Dataset section:
>>>

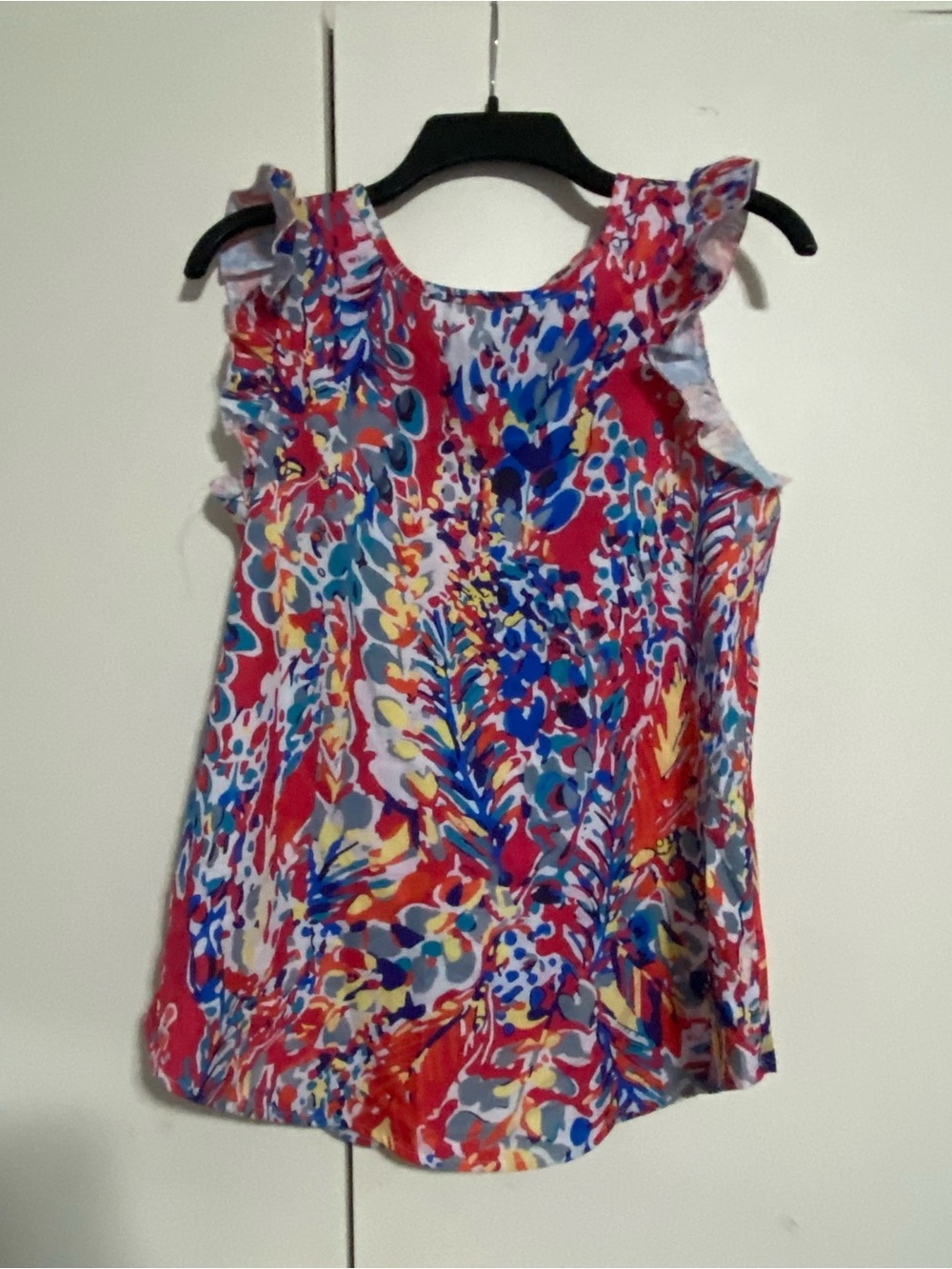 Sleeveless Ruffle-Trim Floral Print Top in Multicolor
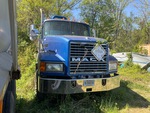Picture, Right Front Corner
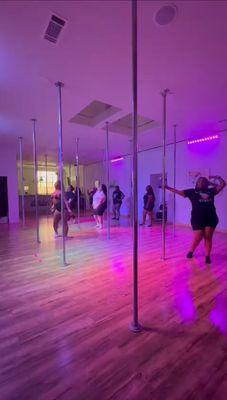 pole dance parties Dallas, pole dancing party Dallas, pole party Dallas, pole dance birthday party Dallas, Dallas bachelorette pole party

<<<

Exercise objective: Only the text of the listing above should be copied, exactly and with pictures left out.

Written reply:
 Sleeveless Ruffle-Trim Floral Print Top in Multicolor
Picture, Right Front Corner
 pole dance parties Dallas, pole dancing party Dallas, pole party Dallas, pole dance birthday party Dallas, Dallas bachelorette pole party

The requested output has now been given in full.